First of all, I’d like to wish you all a very happy New Year!
Back to business:
Back in the original Earned Value Management article I talked about how it can help a project manager track and communicate project progress to their customers and leadership, as well as support the decision-making process. Since then, I have engaged in a few discussions and have further insight to provide that may not have been obvious in the original article.
If you’re the customer and you frequently experience your contractors “front loading” the billing schedule as they’ve completed more work than originally forecast; how do you verify performance? Are you concerned that payment is well ahead of progress but struggling to quantify the concern?
In a lot of discussions since the last article, I hear different kinds of schedule & task or milestone tracking being described. This can give a vastly different picture of project progress to that given by EVM methods.
Common Methods of tracking Financial Performance
It is common for customers to hold a contractor accountable to a kind of schedule variance e.g. “Did they complete this schedule of tasks during this period?”. This does not necessarily indicate value for money; For example, what if it made more sense to move some tasks out and pull others into this period? It might have been done with excellent efficiency, yielding great value for you as the customer. Likewise, tracking task completion will only tell you if the specific tasks you originally planned to complete in the period, were completed, and it does not indicate anything about value for money or efficiency.
Another scenario to consider; your team had an emergency to attend to and was not able to support the execution of the project for a period. The contractor dutifully went on to complete tasks ahead of schedule that were not planned for the period, at excellent efficiency; however, they were not able to do as much volume of work due to your emergency. In this case, you might have disagreement about the value of the work performed in the period.
Payment upon milestone completion serves neither the customer nor the contractor very well. It might feel like accountability, but it will often be subconsciously focusing the contractor on completion of phases, rather than quality delivery. Remember; project teams are accountable to you, as well as their internal management, who are probably on a monthly financial reporting schedule with their senior leadership. Holding off delivery of tasks or re-ordering them to better execute will be penalized if milestone-based payment is utilized, as with duration based payment.
Earned Value Management Approach
The earned value management approach would require “% work complete” and remaining hours estimates, holding the contractor accountable to their reported progress. Regardless of the order of completion of tasks per the original schedule, Earned Value Management techniques ensure that you can track value for your money and true schedule performance. It is human nature to over-estimate % work complete, that is unless you consistently track estimates and hack the lessons learned through the implementation of EVM techniques. If you find that % work complete was over reported during an initial phase of work, say a 2-week period, the next period will correct for that. This way, you know far sooner that over-reporting has occurred, and you’re not waiting for a whole several months long milestone, to find out.
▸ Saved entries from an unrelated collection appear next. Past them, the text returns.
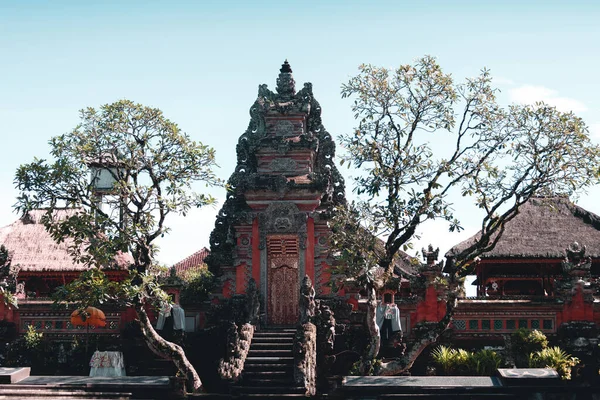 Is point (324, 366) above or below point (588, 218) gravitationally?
below

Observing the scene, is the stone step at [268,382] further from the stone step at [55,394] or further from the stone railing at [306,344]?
the stone step at [55,394]

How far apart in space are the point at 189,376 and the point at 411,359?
16.7ft

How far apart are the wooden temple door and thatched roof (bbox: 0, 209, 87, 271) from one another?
42.7 feet

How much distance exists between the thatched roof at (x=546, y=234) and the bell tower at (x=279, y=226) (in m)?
8.80

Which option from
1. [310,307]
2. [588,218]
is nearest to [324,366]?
[310,307]

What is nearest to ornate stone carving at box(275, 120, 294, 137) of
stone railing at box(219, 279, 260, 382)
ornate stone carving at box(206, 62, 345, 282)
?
ornate stone carving at box(206, 62, 345, 282)

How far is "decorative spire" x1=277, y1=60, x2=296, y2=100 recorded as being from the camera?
27109mm

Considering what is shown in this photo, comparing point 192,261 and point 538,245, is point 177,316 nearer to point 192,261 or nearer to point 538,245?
point 538,245

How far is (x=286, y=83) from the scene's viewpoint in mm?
27266

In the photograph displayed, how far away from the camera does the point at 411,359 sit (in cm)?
2091

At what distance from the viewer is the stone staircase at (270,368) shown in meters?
20.1

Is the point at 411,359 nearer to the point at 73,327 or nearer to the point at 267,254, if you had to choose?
the point at 267,254

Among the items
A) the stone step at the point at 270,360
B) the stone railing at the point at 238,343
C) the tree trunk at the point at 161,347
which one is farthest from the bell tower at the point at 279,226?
the tree trunk at the point at 161,347

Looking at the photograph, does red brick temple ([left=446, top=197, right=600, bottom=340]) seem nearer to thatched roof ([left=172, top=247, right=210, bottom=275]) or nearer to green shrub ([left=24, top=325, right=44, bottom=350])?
green shrub ([left=24, top=325, right=44, bottom=350]) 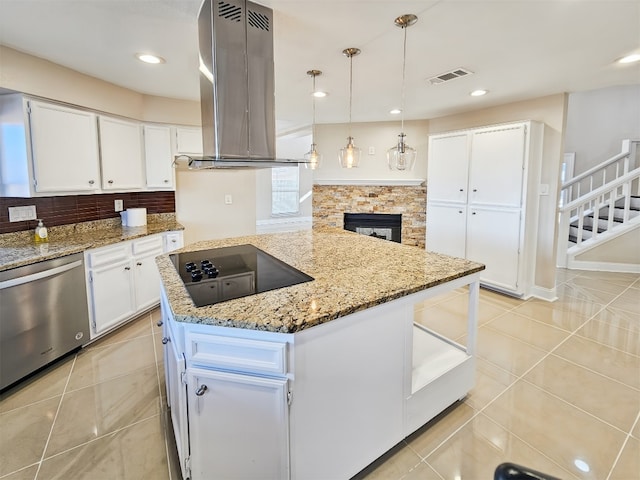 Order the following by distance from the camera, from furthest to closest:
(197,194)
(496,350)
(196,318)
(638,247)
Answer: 1. (638,247)
2. (197,194)
3. (496,350)
4. (196,318)

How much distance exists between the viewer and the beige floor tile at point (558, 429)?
1692 millimetres

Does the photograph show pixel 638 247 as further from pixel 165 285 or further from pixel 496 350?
pixel 165 285

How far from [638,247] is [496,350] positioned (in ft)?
12.2

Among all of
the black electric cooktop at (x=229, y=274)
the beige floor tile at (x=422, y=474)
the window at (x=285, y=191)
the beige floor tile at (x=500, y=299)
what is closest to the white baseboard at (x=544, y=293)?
the beige floor tile at (x=500, y=299)

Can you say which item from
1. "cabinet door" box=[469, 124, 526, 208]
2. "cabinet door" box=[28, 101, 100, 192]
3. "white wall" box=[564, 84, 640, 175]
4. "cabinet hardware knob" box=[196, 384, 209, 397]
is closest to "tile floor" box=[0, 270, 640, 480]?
"cabinet hardware knob" box=[196, 384, 209, 397]

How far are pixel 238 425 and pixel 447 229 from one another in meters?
3.83

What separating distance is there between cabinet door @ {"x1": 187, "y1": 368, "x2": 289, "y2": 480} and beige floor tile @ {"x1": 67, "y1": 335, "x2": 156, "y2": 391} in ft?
4.76

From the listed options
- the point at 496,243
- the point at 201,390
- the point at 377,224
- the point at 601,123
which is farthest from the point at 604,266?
the point at 201,390

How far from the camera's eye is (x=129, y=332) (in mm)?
3090

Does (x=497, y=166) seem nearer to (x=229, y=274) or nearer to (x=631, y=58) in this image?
(x=631, y=58)

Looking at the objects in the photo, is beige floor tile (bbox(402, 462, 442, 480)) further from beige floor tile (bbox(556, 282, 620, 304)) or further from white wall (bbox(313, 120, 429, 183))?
white wall (bbox(313, 120, 429, 183))

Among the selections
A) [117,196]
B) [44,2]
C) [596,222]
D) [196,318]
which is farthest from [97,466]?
[596,222]

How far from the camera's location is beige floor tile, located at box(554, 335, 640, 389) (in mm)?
2381

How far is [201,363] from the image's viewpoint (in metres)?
1.34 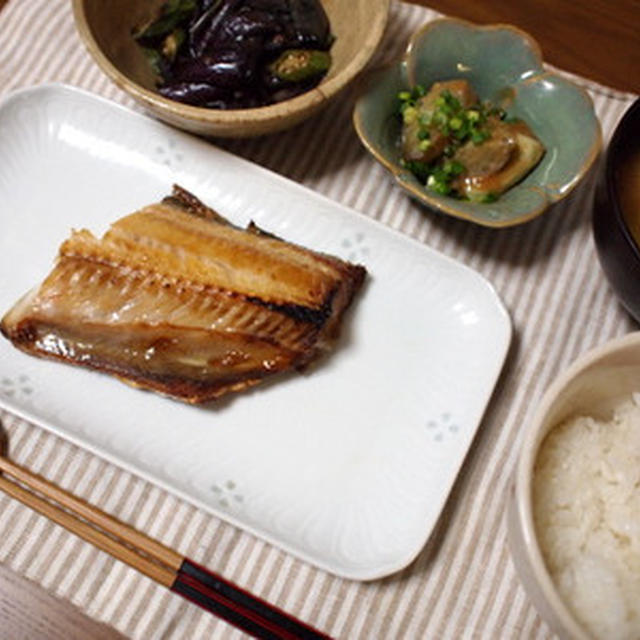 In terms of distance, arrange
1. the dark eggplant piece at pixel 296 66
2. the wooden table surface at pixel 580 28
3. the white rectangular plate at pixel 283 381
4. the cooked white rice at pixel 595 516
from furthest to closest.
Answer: the wooden table surface at pixel 580 28
the dark eggplant piece at pixel 296 66
the white rectangular plate at pixel 283 381
the cooked white rice at pixel 595 516

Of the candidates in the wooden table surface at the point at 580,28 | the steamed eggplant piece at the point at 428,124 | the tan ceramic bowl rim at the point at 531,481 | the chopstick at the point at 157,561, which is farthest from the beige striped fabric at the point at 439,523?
the wooden table surface at the point at 580,28

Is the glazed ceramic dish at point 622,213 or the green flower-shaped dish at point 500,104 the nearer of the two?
the glazed ceramic dish at point 622,213

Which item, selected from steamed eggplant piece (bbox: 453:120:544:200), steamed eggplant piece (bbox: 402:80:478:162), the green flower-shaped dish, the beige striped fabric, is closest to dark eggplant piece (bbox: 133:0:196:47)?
the beige striped fabric

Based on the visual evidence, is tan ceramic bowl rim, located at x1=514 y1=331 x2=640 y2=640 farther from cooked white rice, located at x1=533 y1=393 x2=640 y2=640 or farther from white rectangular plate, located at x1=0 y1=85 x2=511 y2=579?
white rectangular plate, located at x1=0 y1=85 x2=511 y2=579

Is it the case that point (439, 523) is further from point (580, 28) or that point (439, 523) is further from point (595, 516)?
point (580, 28)

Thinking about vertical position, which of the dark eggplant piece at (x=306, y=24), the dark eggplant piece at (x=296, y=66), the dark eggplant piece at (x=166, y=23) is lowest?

In short, the correct use of EVM techniques will reduce the incidence of over reporting of % work complete in a much shorter time frame. Teams very quickly correct for errors once EVM is implemented and maintained.
Example:
The above table shows a simple example of some project metrics to consider:
Planned Value would be based on the baseline project plan/schedule, which for “Period 1” is supposed to be $100,000.
Actual Cost would be the costs reported to the customer by the contractor/project team and directly relates to billable hours and materials expended during the period. For “Period 1” this came out to be $120,000 of costs.
Earned Value is the value of the work/materials expended per the baseline schedule. E.g. if it was originally estimated that Tasks 1 through 10 would cost $100k, in period 1, this table is saying it was all completed or “earned”, and then $3,000 of additional work was delivered.
Milestone Completion pertains to the amount of value assigned to the “Milestones” that were defined in the original baseline plan.
CPI and SPI are calculated as per the Earned Value Management Pt.1 article.
Now, lets see how this could play out in the real world.
Based on the discussions I’ve had since the last article, many situations would see the billing follow the “Actual Cost” row, meaning that the project would have expended all funds in the 4th period. In the case of a fixed price project, they would have hit the total amount of cost and then would be working for “free” until the project is delivered. This is unlikely to have the project team in the right mindset for quality delivery.
Another option would be milestone completion. This would likely see no revenue in the 2nd & 4th periods, based on “earned value”.
A duration-based approach would see payments of $124,000 each of the 4 periods. If this is a Not to Exceed or fixed price project, the final 5th period caused by the project being behind schedule, would be unpaid. Again, not great for either side of the transaction!
Earned Value would yield payments exactly proportional to the amount of value delivered to the customer and show the under-performance of the project in the first or second period, without any periods missing payment.
CPI and SPI do not show the same metric, as seen in the table above. They are useful in their own ways, but SPI would not show the efficiency performance (or issues) we are trying to solve for.
Depending on if your project is Fixed Price, Not to Exceed, or Time & Materials, there are a myriad of different solutions. An Earned Value Management approach is a great way to ensure consistency of payments, value for money, and a relationship conducive to project success.